Partial Oral Treatment of Infective Endocarditis Can Be Effective in Select Patients: Review of the POET Trial

Article

By itself, the POET trial should not fundamentally change the current approach to infective endocarditis treatment.

The opioid crisis has altered the epidemiology of infective endocarditis dramatically in recent years, with the condition now affecting more young patients identified as persons who inject drugs (PWID).1,2 Traditionally, treatment for infective endocarditis in the United States has adhered to the American Heart Association’s 2015 guidelines, which recommend up to 6 weeks of intravenous (IV) antibiotics.3 Although older literature suggested oral therapy was effective for right-sided Staphylococcus aureus infective endocarditis,4 such an approach is not currently standard. Thus, most patients with infective endocarditis will be on long-term IV antibiotics and face the associated risks and costs of indwelling catheters and home infusion or prolonged hospitalization. With the shifting demographic of infective endocarditis toward PWID—generally poor candidates for outpatient IV therapy—the need for research assessing outcomes with oral treatment has never been greater.

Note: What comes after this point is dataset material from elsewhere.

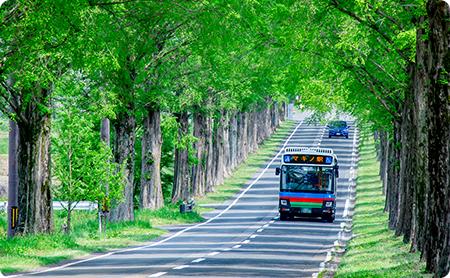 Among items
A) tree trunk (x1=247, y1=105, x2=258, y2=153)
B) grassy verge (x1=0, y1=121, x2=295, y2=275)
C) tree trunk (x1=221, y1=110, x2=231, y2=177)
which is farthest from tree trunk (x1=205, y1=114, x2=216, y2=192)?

The Partial Oral Treatment of Endocarditis (POET) trial,5 conducted in Denmark, is a much-needed addition to the endocarditis literature. The authors performed a noninferiority comparative trial between patients with infective endocarditis treated with IV therapy (control arm) with those switched to oral therapy after an initial IV course (experimental arm). Eligible patients were 18 years or older, in stable condition, already on IV antibiotics, had left-sided infective endocarditis with streptococci species, Enterococcus faecalis, S aureus, or coagulase-negative staphylococci species, and no absolute indications for valve replacement. IV antibiotic choice was in accordance with European Society of Cardiology guidelines.6 Oral regimens consisted of 2 antibiotics from different drug classes, guided by bioavailability and minimum inhibitory concentration (MIC) data (Table). The primary composite outcome was all-cause mortality, unplanned cardiac surgery, clinically evident embolic events, or relapse of bacteremia with the primary pathogen within 6 months.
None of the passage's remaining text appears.